As we've seen with Facebook, trying to "not take a stand" is actually taking a stand, and saying "we won't fact check obvious lies or take down calls for violence by the military against our own citizens" is saying "we're okay with our platform being used to erode democracy and threaten people's lives". We're seeing now that Zuckerberg, then, is completely okay with the effective dissolution of everything that the US claims to stand for, as long as it means that Facebook won't be broken up as a result of their unethical and illegal business practices.
In this way, Facebook isn't "not taking a stand", they're specifically taking a stand against corporate and social accountability.

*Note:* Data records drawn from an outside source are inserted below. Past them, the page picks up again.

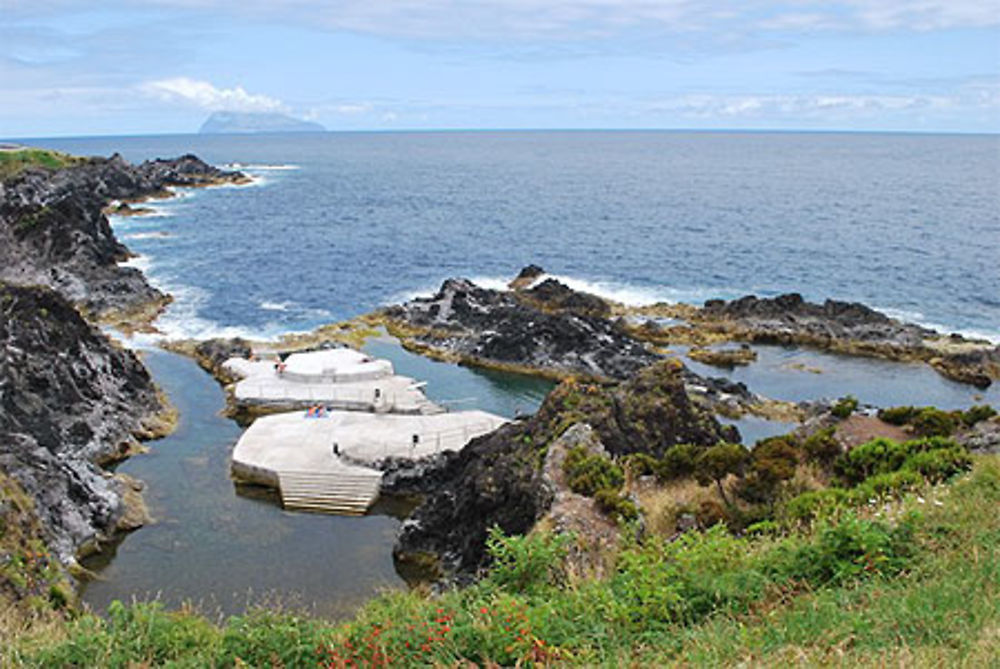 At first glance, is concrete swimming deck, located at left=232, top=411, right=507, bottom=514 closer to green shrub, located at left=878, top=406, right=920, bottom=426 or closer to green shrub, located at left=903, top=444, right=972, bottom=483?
green shrub, located at left=878, top=406, right=920, bottom=426

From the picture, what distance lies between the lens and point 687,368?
5028 cm

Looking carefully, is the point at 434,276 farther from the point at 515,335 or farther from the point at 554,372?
the point at 554,372

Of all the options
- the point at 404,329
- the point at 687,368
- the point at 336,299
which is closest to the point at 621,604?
the point at 687,368

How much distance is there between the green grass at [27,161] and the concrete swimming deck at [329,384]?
7232cm

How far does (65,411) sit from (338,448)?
A: 480 inches

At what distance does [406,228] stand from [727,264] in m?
49.3

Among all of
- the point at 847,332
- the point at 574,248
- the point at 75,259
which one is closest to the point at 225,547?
the point at 847,332

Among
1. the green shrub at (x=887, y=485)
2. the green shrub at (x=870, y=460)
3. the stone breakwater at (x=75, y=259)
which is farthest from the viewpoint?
the stone breakwater at (x=75, y=259)

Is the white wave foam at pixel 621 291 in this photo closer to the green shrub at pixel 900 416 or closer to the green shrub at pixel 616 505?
the green shrub at pixel 900 416

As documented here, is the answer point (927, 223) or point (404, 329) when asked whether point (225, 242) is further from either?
point (927, 223)

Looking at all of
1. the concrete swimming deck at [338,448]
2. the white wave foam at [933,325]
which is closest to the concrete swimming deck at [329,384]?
the concrete swimming deck at [338,448]

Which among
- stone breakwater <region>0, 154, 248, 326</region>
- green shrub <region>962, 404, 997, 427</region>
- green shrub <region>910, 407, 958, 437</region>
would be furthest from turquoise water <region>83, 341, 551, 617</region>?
stone breakwater <region>0, 154, 248, 326</region>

Because of their position in the market that means that they can directly and indirectly affect what news people see, what groups people are recommended, and what politics people have, and they don't want to give up that power, so they'll implicitly support a government which will let them keep it, no matter what the consequences to anyone else.
There's no such thing as not "wading into these waters"; only following your ethics vs. signing another contract and making a few million bucks from it.
Please don’t insult me and then call me “friend”. It’s passive-aggressive and not suitable for this site.
Unhappy employees is not good for business over long term. That is why you see in news that racist, sexiest, or other bad actors getting fired even when they were top performers.
There are many ways how his tenure can come to an end. I am expressing a hope that he figures it out while he is still in a position to change things with his power as CEO.
As for people who lose their job for doing the wrong thing, the media is currently awash in those stories.
Even he if loses his job, he’ll still be quite privileged given his wealth and status.
That's incorrect.
The vast majority of companies are small and medium sized enterprises who just try to make it through. Does the launderette in the high street make political decisions? The car dealership? The scrap metal yard?
That seems to be based on an invalid definition:
Politics: (from Greek: Πολιτικά, politiká, 'affairs of the cities')
If this was really about strong political will they would just change companies.
If we follow their own logic, they are enabling ICE by continuing to work for GitHub and are thus complicit.